Pop-up events are done in what Dr. Afoh-Manin describes as “kind of a block party style,” with a video jockey and giveaways: a pair of high-end tennis shoes, a vegan jambalaya meal. People who show up can receive fruit and vegetables free of charge.
Free Covid-19 testing is available, but so are telehealth services – a volunteer can instantly put an attendee on the phone with a doctor or mental health provider, who can conduct an assessment and help connect the patient to services.
But in addition, each person who receives a test is assigned to a “community health partner,” who will follow up with them on their test results and also help coordinate access to health care, whether that’s connecting the person with a local health center or referring them to a nearby asthma clinic.

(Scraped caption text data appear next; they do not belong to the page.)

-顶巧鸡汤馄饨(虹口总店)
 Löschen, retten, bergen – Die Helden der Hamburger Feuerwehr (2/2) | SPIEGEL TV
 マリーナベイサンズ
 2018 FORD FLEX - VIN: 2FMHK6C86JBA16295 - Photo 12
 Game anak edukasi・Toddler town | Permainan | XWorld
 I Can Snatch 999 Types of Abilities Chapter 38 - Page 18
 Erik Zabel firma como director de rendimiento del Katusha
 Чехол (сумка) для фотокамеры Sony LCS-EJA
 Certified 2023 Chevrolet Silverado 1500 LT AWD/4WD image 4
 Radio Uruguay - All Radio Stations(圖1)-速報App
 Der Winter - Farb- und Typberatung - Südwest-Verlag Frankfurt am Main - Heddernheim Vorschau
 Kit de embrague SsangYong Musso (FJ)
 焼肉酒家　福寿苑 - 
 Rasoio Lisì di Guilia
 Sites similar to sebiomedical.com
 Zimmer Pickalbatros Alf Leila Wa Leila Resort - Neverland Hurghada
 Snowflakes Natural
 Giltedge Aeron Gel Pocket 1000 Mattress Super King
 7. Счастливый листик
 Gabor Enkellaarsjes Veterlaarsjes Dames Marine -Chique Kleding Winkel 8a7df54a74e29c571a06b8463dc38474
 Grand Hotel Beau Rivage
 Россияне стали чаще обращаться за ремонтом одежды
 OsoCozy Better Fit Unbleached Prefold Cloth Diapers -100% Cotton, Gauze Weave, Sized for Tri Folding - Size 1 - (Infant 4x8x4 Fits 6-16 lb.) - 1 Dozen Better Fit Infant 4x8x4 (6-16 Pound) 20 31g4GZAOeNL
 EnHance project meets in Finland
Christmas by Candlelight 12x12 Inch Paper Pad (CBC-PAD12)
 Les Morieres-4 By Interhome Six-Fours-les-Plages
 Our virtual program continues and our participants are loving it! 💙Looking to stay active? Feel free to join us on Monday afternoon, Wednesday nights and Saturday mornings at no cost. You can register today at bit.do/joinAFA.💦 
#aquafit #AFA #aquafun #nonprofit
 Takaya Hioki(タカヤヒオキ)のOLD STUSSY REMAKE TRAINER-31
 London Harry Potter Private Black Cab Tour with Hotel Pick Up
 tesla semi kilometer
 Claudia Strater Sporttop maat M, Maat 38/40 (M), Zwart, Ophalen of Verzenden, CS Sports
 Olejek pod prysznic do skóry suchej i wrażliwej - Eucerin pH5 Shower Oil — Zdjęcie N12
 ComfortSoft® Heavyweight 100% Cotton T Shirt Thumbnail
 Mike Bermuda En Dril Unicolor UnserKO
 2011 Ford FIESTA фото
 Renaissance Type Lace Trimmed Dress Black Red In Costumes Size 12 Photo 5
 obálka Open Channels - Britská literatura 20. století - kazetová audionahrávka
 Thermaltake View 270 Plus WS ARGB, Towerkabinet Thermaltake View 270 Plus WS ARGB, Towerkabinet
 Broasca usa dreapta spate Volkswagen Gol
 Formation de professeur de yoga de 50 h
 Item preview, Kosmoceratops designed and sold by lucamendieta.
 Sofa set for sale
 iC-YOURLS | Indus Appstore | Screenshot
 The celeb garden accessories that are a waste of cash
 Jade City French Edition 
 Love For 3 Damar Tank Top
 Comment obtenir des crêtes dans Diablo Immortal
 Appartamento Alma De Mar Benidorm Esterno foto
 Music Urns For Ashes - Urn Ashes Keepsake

And mental health needs are significant, said Dr. Tichianaa Armah, a psychiatrist who oversees the community health partners, and who has played an active role in finding mental health practitioners “who are committed to and want to do something to improve the status of the people who are the most underserved, the most vulnerable of our population.”
Like Dr. Afoh-Manin, Dr. Armah sees the opportunity that Covid-19 presents. The testing itself is a valuable opportunity to connect with people dealing with what she calls “bread-and-butter anxiety and depression.”
While many underserved people see mental health care as stigmatized, she said, the fact that the pandemic has been so difficult – on everyone – has made them more willing to seek care.
“This is the time when so many people who saw it as a weakness, saw it as some kind of a character flaw, can open their minds,” she said.
The mental health providers who volunteer with the program don’t just treat patients.
“Both the people who are getting tested and also providers on the frontlines are going through a huge amount of stress right now,” Dr. Armah said. Psychiatrists and other mental health providers are also supporting the people doing testing and other frontline health services.
When it came to finding volunteers for myCovidMD, Dr. Afoh-Manin had a ready pool.
She and her fellow myCovidMD founders had already created the larger initiative Shared Harvest, which helps people entering the health care workforce – many of them from low-income backgrounds – with the often staggering student debt they’ve accumulated.
“We knew that we were going to lose those voices if we could not deal with the mental and financial aspects of what they were dealing with,” she recalled. Shared Harvest was an attempt “to solve a deep problem that I don’t think society even cared about.”
When she began looking for health care workers to act as volunteers for myCovidMD, “it just exploded,” thanks to the network that Shared Harvest had built up over time. “They understood our mission,” Dr. Afoh-Manin said.
Direct Relief has been supplying myCovidMD volunteers with PPE to allow them to continue frontline testing and health services.
For Dr. Afoh-Manin, Covid-19 isn’t just an opportunity to increase access to health care for those who show up for testing. It’s an opportunity to have a much larger conversation about health care access.
“There are actual ideas [about increasing health care access] that have never been implemented because we can’t get past the funding,” she said. “Then we hit Covid, and we realize we’re a lot more connected than we want to be.”
Dr. Afoh-Manin is hopeful that people see that interconnectedness as the pandemic spreads through and among communities – and that they’re willing to act on it.
“I’m also in that opportunistic mode because I’m like, ‘Oh, we have your ear now,’” she said. “Let me do Covid and prenatal care for young single moms,” along with a host of other widespread, inadequately addressed health care
But she doesn’t discount the small-scale impact, either. When it comes to connecting patients with the doctors and programs they need, “we’re literally like the little engine that could,” she said.